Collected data
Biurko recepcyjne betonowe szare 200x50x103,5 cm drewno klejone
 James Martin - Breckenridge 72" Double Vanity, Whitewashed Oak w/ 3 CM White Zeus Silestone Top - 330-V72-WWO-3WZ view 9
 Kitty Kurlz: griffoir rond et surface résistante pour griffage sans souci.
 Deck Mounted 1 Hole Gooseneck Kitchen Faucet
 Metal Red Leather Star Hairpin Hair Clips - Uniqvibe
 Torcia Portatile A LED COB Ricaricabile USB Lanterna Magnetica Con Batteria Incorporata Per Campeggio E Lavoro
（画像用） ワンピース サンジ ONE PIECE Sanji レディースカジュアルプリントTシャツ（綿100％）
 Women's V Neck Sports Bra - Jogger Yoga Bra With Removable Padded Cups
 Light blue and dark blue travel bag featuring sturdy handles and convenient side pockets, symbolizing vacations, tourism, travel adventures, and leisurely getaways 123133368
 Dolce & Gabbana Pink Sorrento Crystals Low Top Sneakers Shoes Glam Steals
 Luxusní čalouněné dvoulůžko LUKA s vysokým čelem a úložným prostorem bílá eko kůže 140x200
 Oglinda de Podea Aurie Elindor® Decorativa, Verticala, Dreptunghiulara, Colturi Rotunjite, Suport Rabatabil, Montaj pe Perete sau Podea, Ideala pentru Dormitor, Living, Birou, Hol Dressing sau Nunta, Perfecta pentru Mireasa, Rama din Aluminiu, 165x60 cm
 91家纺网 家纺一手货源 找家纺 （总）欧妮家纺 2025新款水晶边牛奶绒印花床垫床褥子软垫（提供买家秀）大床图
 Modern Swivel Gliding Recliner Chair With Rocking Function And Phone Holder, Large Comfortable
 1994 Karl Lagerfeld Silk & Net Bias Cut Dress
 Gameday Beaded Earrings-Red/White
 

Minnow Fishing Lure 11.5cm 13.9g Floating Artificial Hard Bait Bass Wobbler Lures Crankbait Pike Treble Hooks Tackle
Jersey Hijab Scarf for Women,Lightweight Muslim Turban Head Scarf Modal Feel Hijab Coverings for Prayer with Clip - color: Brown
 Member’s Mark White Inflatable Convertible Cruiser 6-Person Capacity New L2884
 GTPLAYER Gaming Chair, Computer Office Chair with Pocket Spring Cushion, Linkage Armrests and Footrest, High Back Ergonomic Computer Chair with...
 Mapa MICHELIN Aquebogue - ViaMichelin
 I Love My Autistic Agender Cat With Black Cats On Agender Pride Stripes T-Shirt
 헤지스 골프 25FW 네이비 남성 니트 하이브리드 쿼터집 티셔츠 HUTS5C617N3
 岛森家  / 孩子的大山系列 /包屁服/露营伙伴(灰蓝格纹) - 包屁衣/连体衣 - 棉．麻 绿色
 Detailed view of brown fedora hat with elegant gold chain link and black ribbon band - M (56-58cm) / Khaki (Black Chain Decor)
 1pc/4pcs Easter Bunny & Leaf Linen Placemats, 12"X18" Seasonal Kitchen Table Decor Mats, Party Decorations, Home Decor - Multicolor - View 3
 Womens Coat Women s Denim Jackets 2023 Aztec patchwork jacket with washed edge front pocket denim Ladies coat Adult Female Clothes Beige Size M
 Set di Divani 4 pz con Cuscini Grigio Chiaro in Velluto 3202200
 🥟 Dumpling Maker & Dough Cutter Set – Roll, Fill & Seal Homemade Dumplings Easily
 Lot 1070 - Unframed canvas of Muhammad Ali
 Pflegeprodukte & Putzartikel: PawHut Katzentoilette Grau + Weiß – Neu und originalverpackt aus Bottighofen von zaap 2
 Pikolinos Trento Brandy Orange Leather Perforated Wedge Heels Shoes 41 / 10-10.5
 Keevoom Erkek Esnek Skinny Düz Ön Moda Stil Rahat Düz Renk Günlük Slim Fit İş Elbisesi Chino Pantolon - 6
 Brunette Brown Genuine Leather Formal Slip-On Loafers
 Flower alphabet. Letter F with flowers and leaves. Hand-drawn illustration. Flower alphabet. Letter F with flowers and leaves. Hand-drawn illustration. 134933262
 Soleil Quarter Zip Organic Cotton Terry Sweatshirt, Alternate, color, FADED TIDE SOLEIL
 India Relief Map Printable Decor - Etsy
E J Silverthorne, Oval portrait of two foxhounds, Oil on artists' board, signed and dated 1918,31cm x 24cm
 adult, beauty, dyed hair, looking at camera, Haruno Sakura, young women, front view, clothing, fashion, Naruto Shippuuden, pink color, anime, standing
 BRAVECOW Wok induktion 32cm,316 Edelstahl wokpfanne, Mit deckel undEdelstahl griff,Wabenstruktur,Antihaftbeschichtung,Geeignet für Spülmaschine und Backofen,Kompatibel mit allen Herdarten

* Problem description:
Copy the lines of the data above exactly as written, beginning with the line containing "1994 Karl Lagerfeld" and ending with the line containing "1pc/4pcs Easter Bunny", and leave out all other lines.

* Your response:
 1994 Karl Lagerfeld Silk & Net Bias Cut Dress
 Gameday Beaded Earrings-Red/White
 

Minnow Fishing Lure 11.5cm 13.9g Floating Artificial Hard Bait Bass Wobbler Lures Crankbait Pike Treble Hooks Tackle
Jersey Hijab Scarf for Women,Lightweight Muslim Turban Head Scarf Modal Feel Hijab Coverings for Prayer with Clip - color: Brown
 Member’s Mark White Inflatable Convertible Cruiser 6-Person Capacity New L2884
 GTPLAYER Gaming Chair, Computer Office Chair with Pocket Spring Cushion, Linkage Armrests and Footrest, High Back Ergonomic Computer Chair with...
 Mapa MICHELIN Aquebogue - ViaMichelin
 I Love My Autistic Agender Cat With Black Cats On Agender Pride Stripes T-Shirt
 헤지스 골프 25FW 네이비 남성 니트 하이브리드 쿼터집 티셔츠 HUTS5C617N3
 岛森家  / 孩子的大山系列 /包屁服/露营伙伴(灰蓝格纹) - 包屁衣/连体衣 - 棉．麻 绿色
 Detailed view of brown fedora hat with elegant gold chain link and black ribbon band - M (56-58cm) / Khaki (Black Chain Decor)
 1pc/4pcs Easter Bunny & Leaf Linen Placemats, 12"X18" Seasonal Kitchen Table Decor Mats, Party Decorations, Home Decor - Multicolor - View 3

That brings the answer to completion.